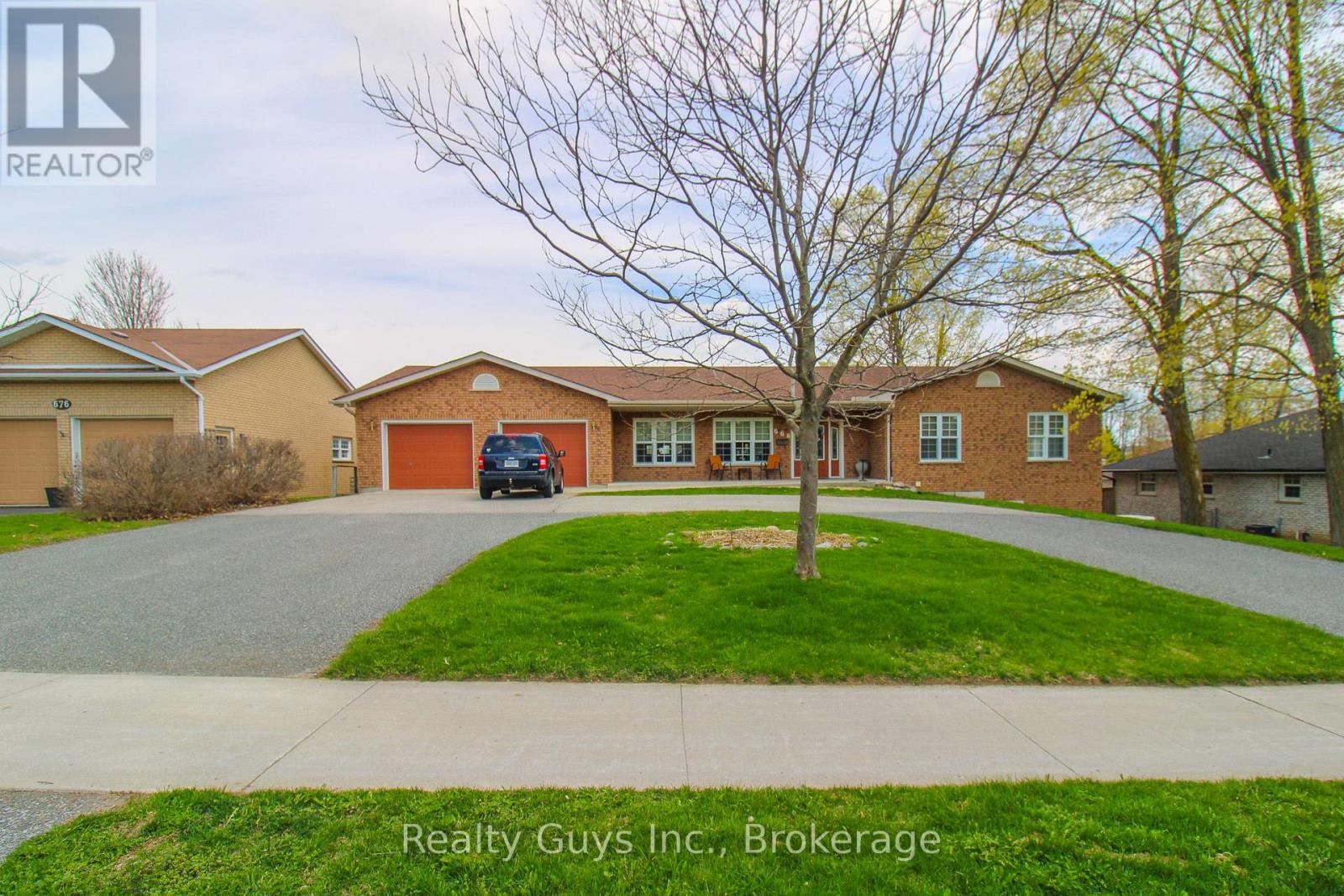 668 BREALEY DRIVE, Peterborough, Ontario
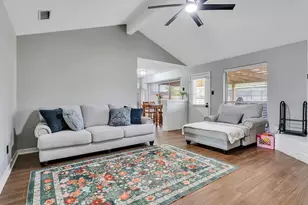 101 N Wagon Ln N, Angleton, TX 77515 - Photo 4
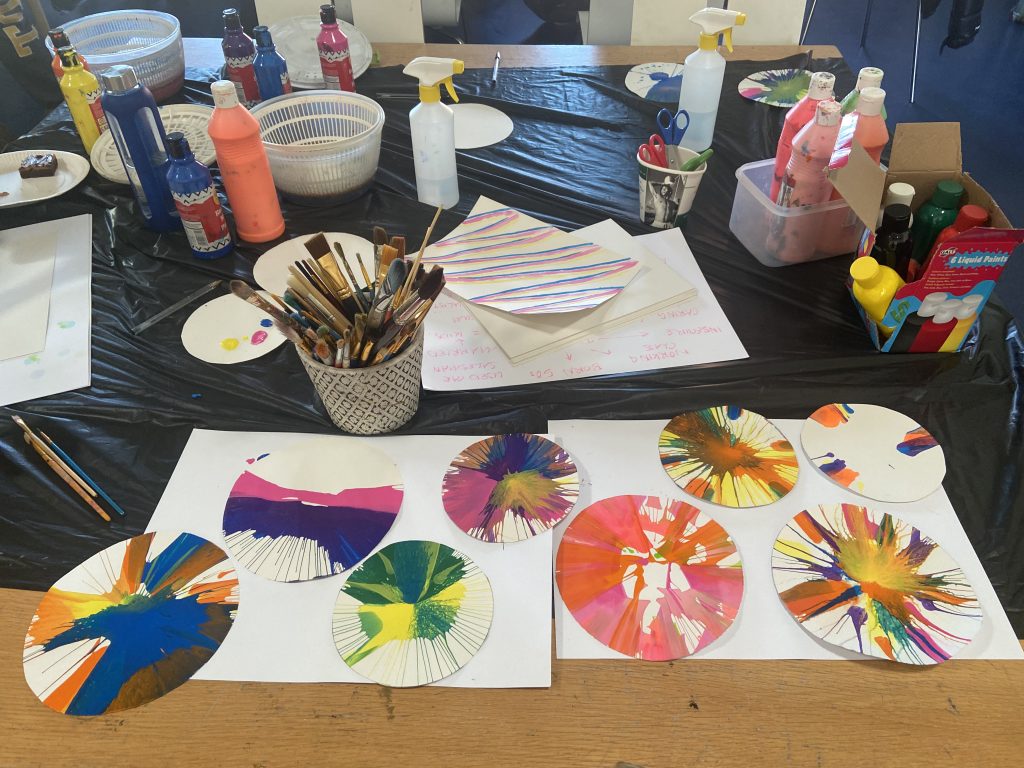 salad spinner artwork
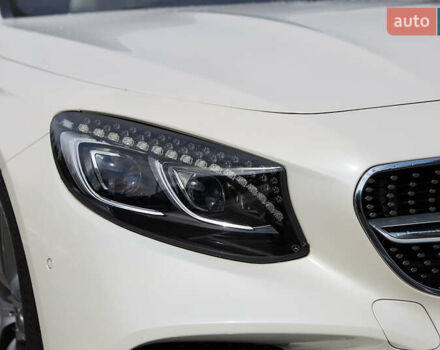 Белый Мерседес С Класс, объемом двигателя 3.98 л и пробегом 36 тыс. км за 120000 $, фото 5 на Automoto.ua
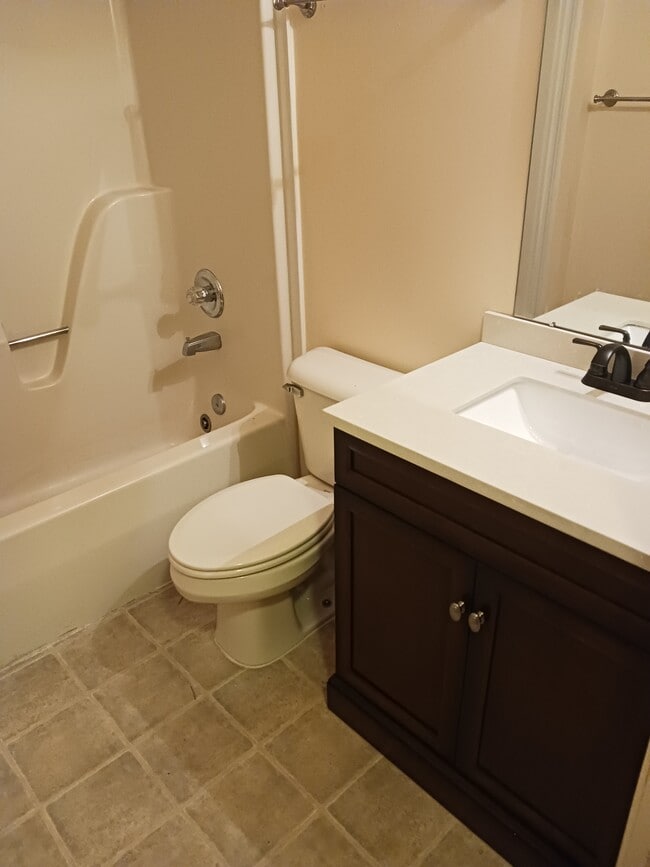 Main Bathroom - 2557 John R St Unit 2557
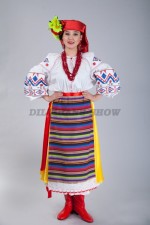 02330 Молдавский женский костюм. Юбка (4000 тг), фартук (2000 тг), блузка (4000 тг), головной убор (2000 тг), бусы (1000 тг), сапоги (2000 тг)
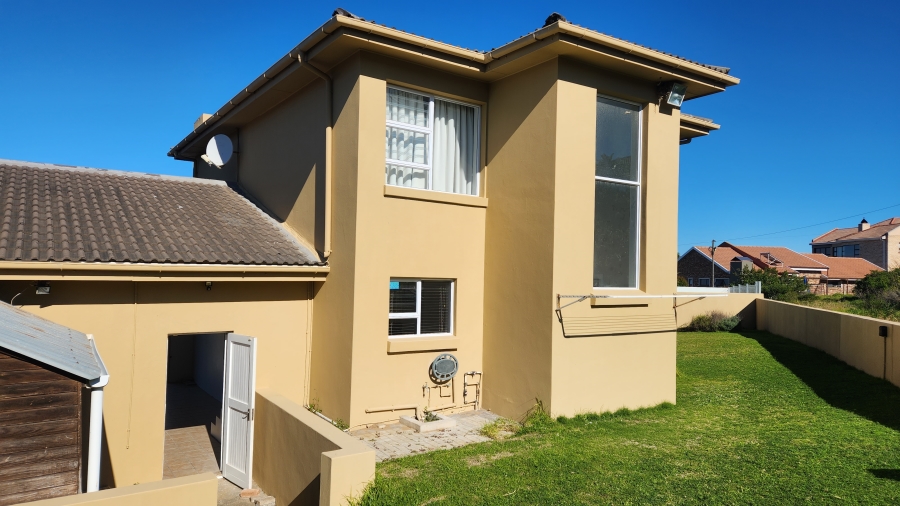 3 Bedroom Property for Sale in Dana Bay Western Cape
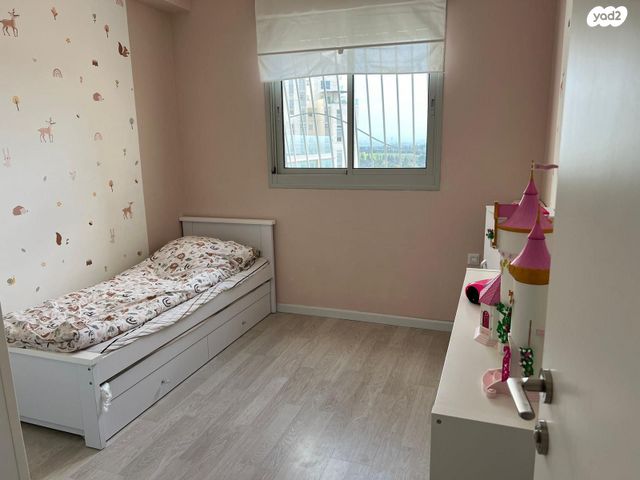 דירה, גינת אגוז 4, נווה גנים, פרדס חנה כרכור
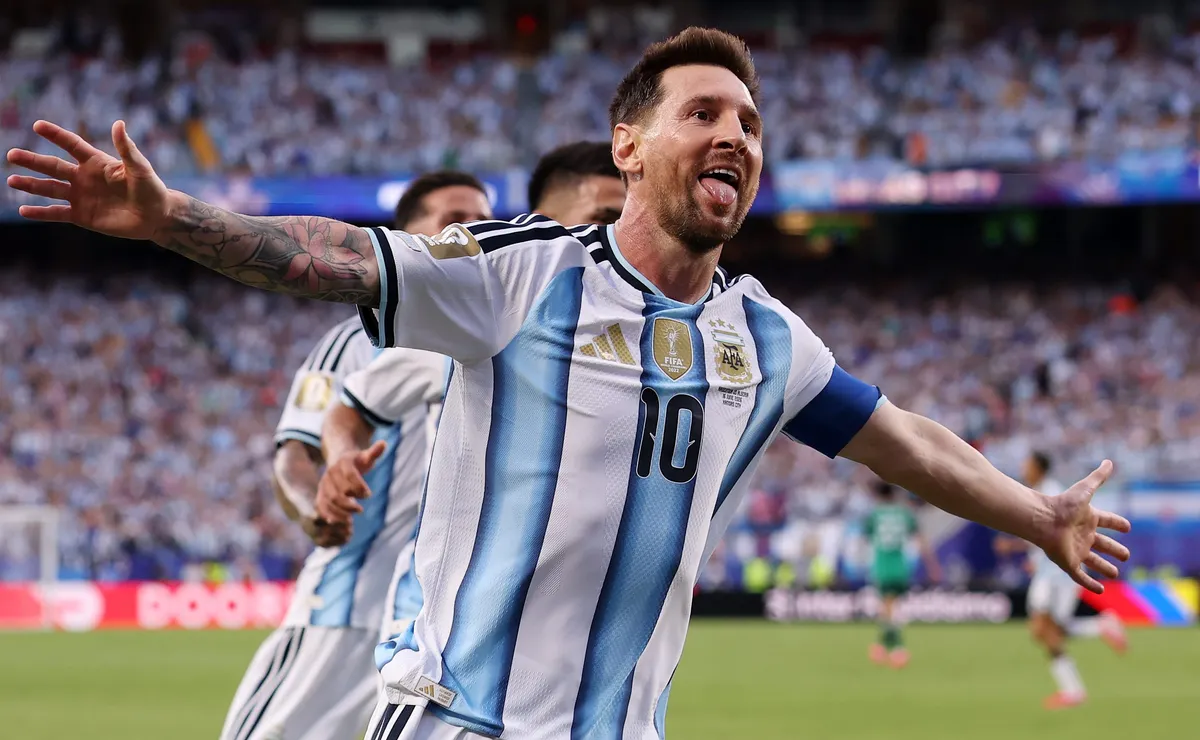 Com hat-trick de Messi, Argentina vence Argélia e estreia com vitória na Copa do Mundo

· · ·

WHAT YOU ARE ASKED TO DO »
Your copy must hold exactly the lines from the one with "02330 Молдавский женский" to the end of the records above, both included, and no pictures.

EXERCISE RESULT »
 02330 Молдавский женский костюм. Юбка (4000 тг), фартук (2000 тг), блузка (4000 тг), головной убор (2000 тг), бусы (1000 тг), сапоги (2000 тг)
 3 Bedroom Property for Sale in Dana Bay Western Cape
 דירה, גינת אגוז 4, נווה גנים, פרדס חנה כרכור
 Com hat-trick de Messi, Argentina vence Argélia e estreia com vitória na Copa do Mundo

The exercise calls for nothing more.